# WHAT IS REQUIRED
Please repeat the entries below exactly as written, leaving out any images.

Records drawn from a dataset
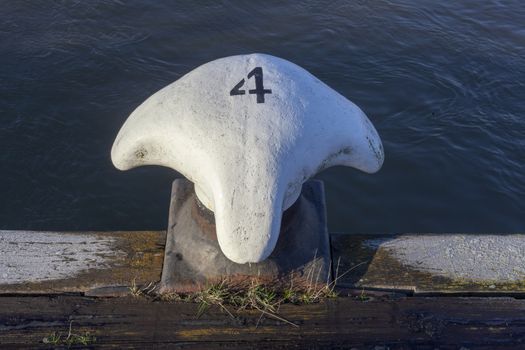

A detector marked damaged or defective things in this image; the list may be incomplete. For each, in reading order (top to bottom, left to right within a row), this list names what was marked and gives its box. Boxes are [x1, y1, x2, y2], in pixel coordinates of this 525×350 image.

chipped white paint [111, 53, 380, 264]
chipped white paint [0, 230, 119, 284]
rusty metal base [159, 178, 332, 292]
chipped white paint [362, 235, 524, 282]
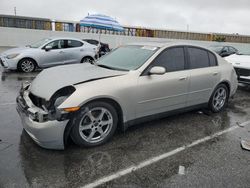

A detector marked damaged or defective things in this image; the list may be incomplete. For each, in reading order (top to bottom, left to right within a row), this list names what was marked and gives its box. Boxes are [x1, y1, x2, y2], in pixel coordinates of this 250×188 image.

# YOUR SOLUTION
A detector marked damaged or defective things in this image; the list may be incomplete. For each, in reading order (top to bottom, left to right within a row), this list names what was marked and gives its box. Boxes are [x1, y1, x2, y2], in pixel coordinates of this 525×350 image.

chipped white paint [111, 53, 380, 264]
chipped white paint [0, 230, 119, 284]
rusty metal base [159, 178, 332, 292]
chipped white paint [362, 235, 524, 282]

A detector marked damaged or defective things in this image; the list may be incomplete. For each, in reading order (top to bottom, left to right within a row), this list names what was marked and gives its box. Boxes are [x1, y1, x2, y2], in pixel coordinates of this 250×188 image.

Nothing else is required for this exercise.